PROBLEM STATEMENT → Transcribe all data verbatim. Skip the pictures.

Entries taken from a collection
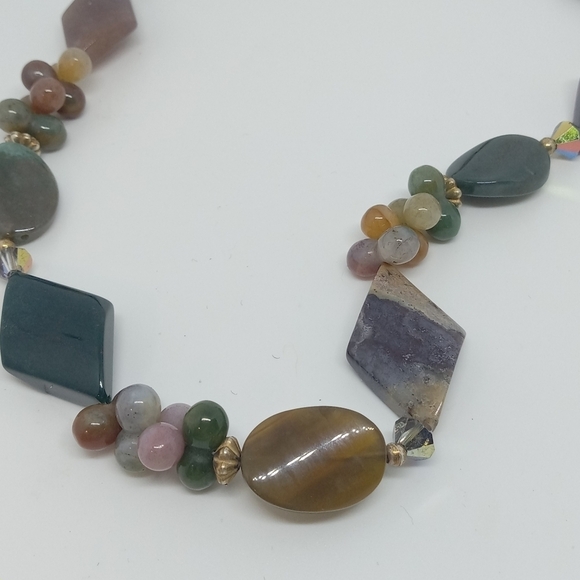 * handmade agate & jasper stones necklace    unique teardrop & diamond shapes - Picture 2 of 5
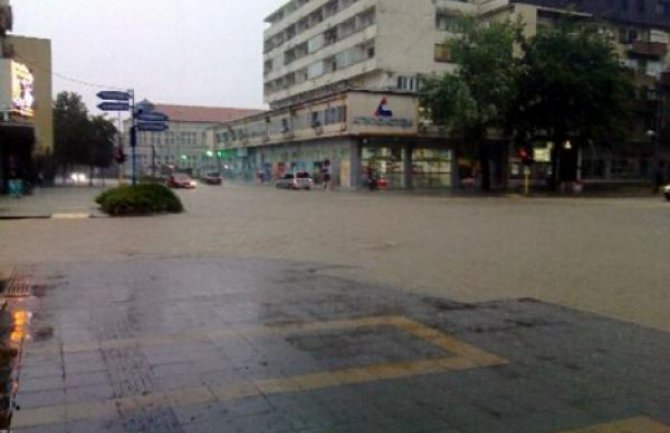 Nevrijeme nije zaobišlo ni Srbiju, izlila se rijeka u Loznici 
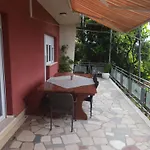 Vila Max Kaštela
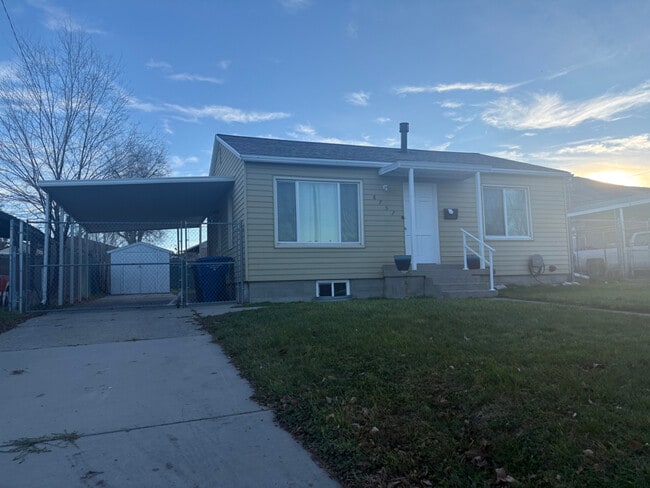 Building Photo - 8757 W Helen Dr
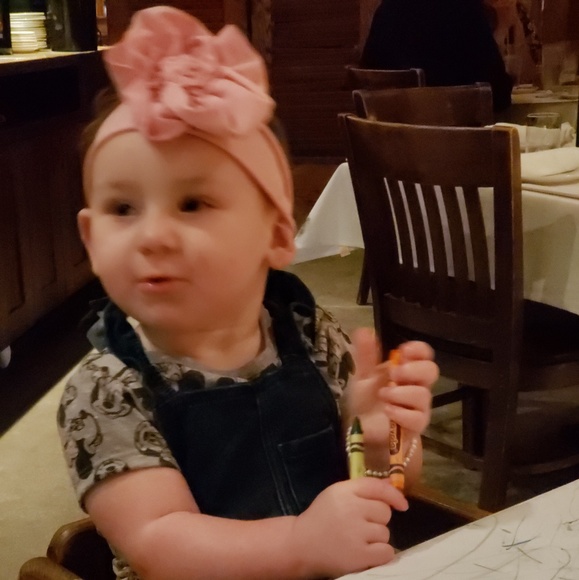 Meet your Posher, Angelea - Picture 3 of 5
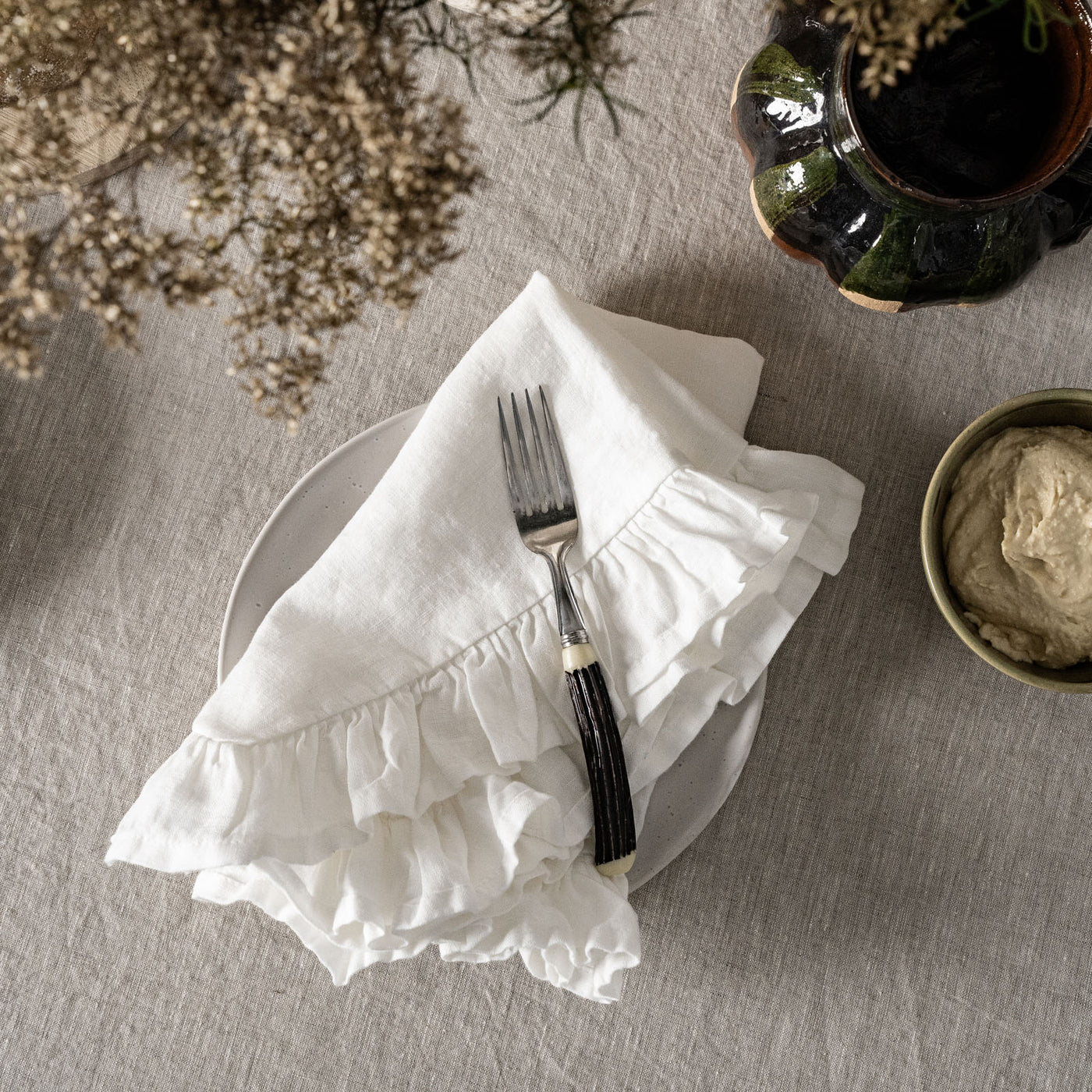 French Flax Linen Ruffles Napkins (Set Of 4) in White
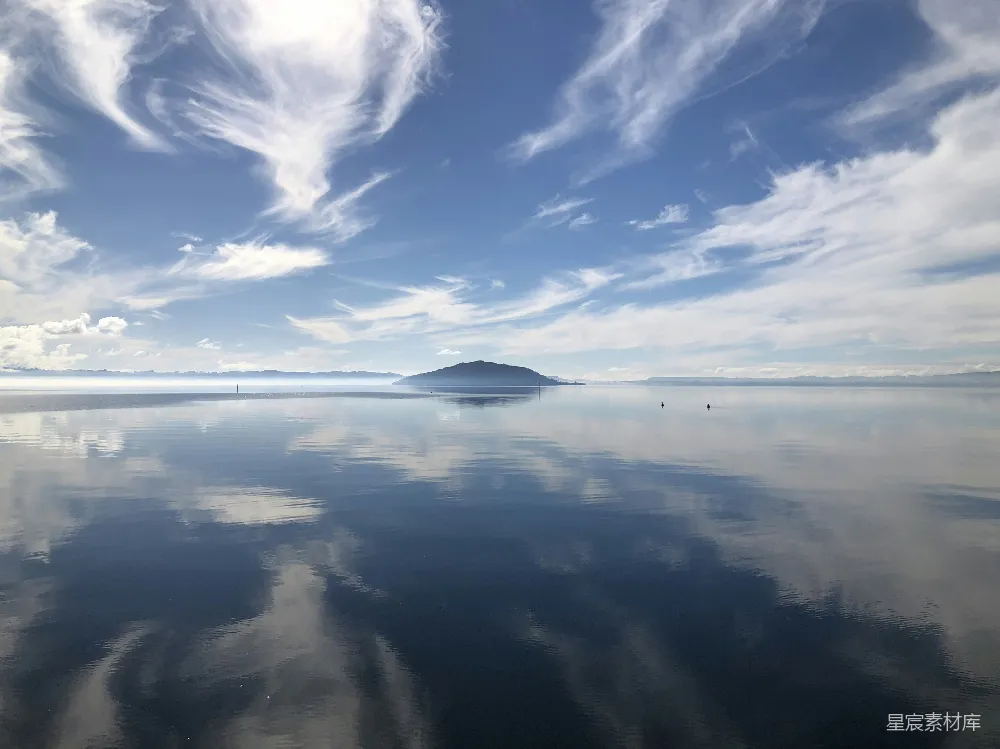 高清摄影  蔚蓝天空下，平静海面上漂浮着白云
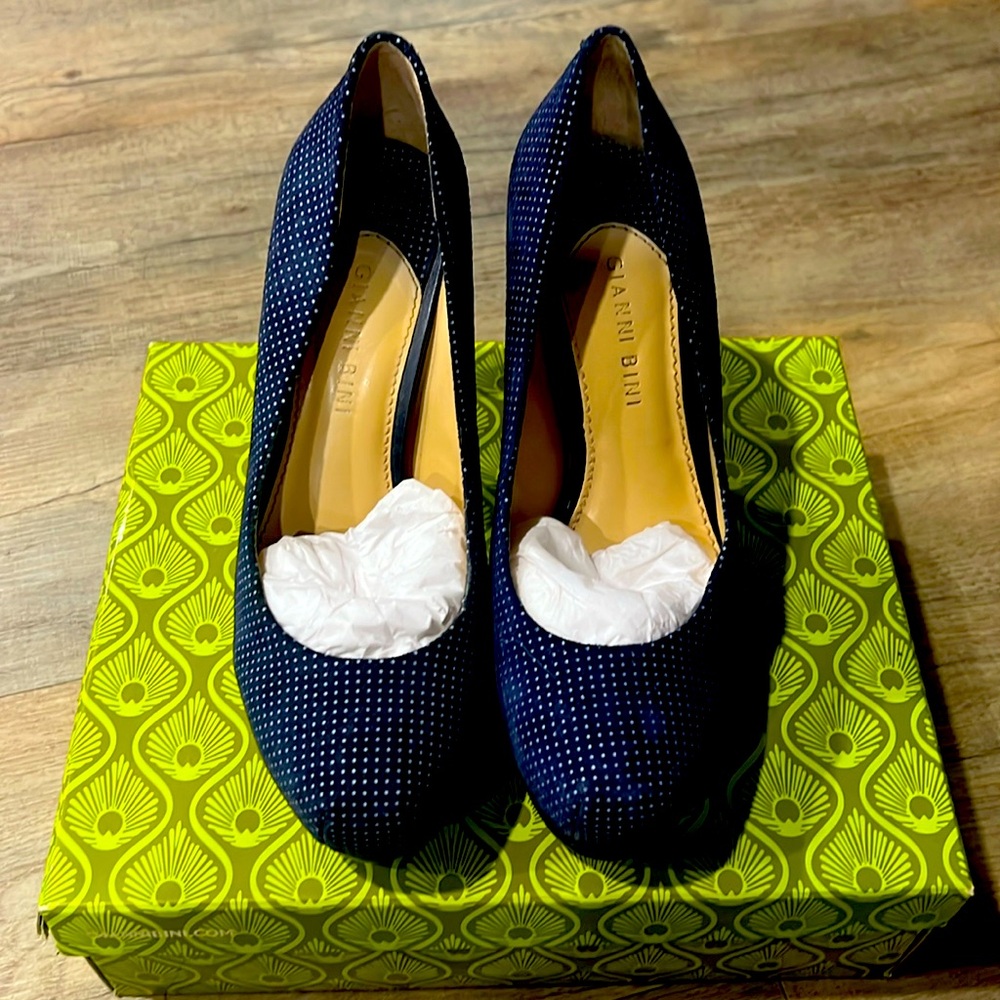 Size 8M Gianni Bini Heels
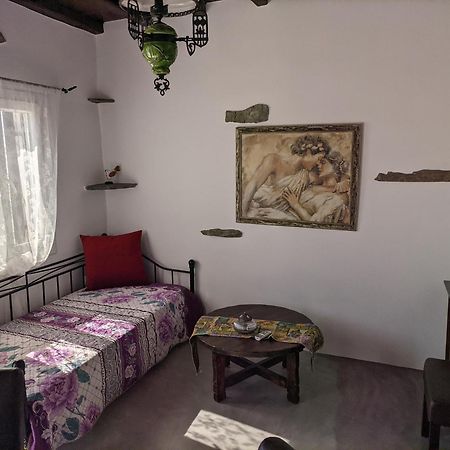Arnados Monte Kechros旅馆 外观 照片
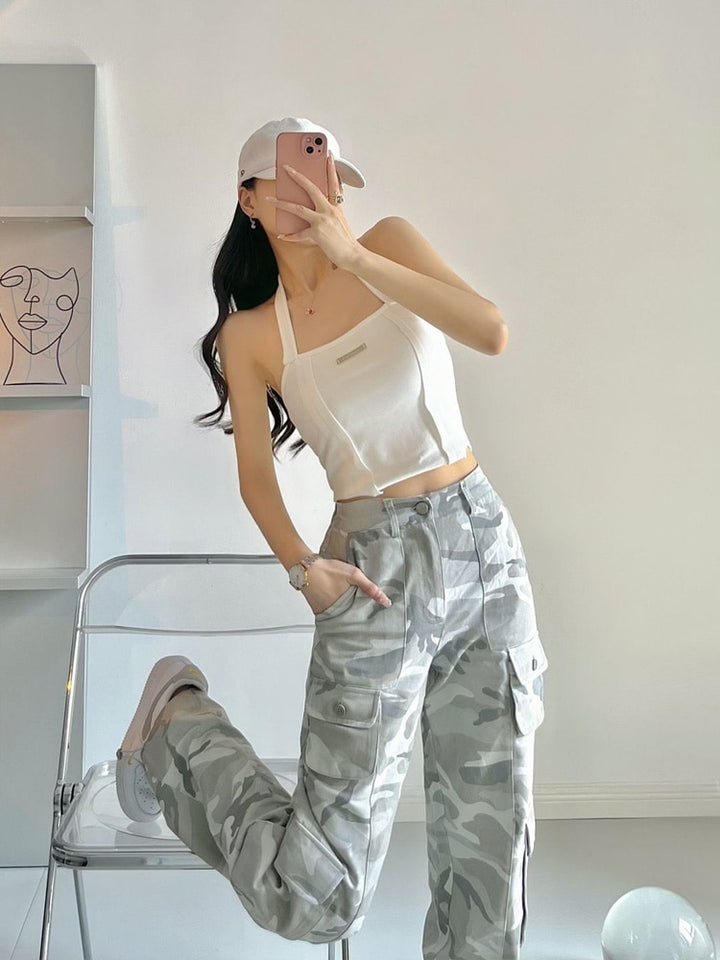 Une femme prenant un selfie avec un pantalon cargo taille haute jambes larges gris camo - Cargo District.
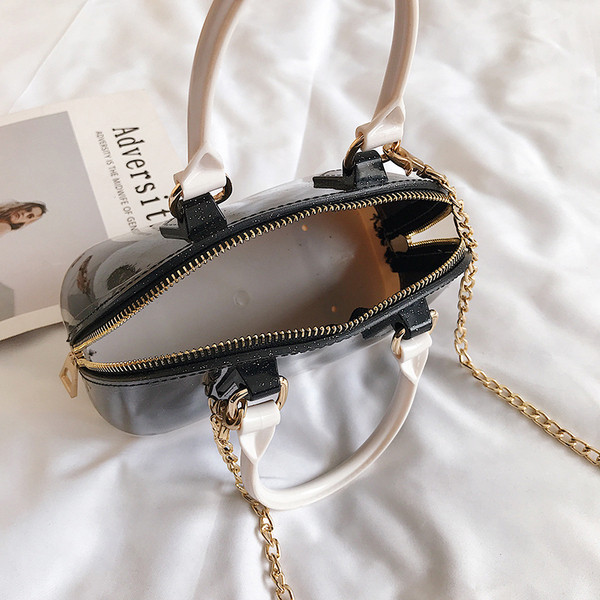 Geanta eleganta din piele lacuita in cinci culori, cu manere scurte si lungi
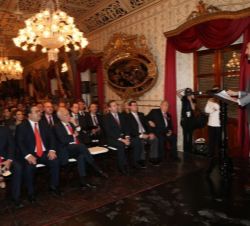 Su Majestad el Rey, durante su intervención en el acto de entrega de las Medallas de Honor de la Emigración Española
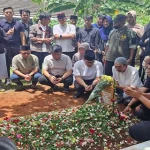Suasana Haru Iringi Makam Siswa SMPN Tangsel Korban Bullying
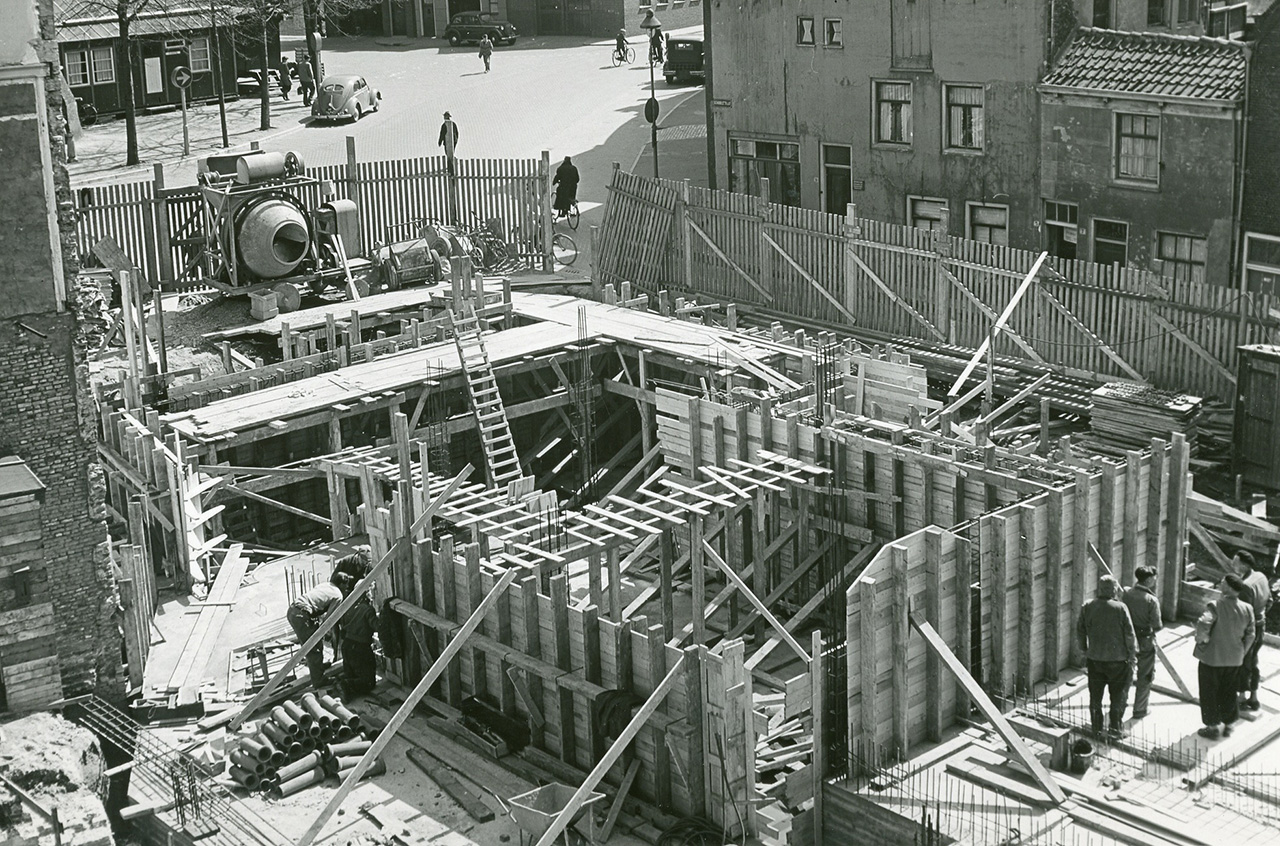 De bouwput op de hoek van de Markt en de Schoolstraat in 1955. Foto Collectie Stadsarchief Vlaardingen, T363B-430.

SOLVED EXERCISE →
 * handmade agate & jasper stones necklace    unique teardrop & diamond shapes - Picture 2 of 5
 Nevrijeme nije zaobišlo ni Srbiju, izlila se rijeka u Loznici 
 Vila Max Kaštela
 Building Photo - 8757 W Helen Dr
 Meet your Posher, Angelea - Picture 3 of 5
 French Flax Linen Ruffles Napkins (Set Of 4) in White
 高清摄影  蔚蓝天空下，平静海面上漂浮着白云
 Size 8M Gianni Bini Heels
Arnados Monte Kechros旅馆 外观 照片
 Une femme prenant un selfie avec un pantalon cargo taille haute jambes larges gris camo - Cargo District.
 Geanta eleganta din piele lacuita in cinci culori, cu manere scurte si lungi
 Su Majestad el Rey, durante su intervención en el acto de entrega de las Medallas de Honor de la Emigración Española
Suasana Haru Iringi Makam Siswa SMPN Tangsel Korban Bullying
 De bouwput op de hoek van de Markt en de Schoolstraat in 1955. Foto Collectie Stadsarchief Vlaardingen, T363B-430.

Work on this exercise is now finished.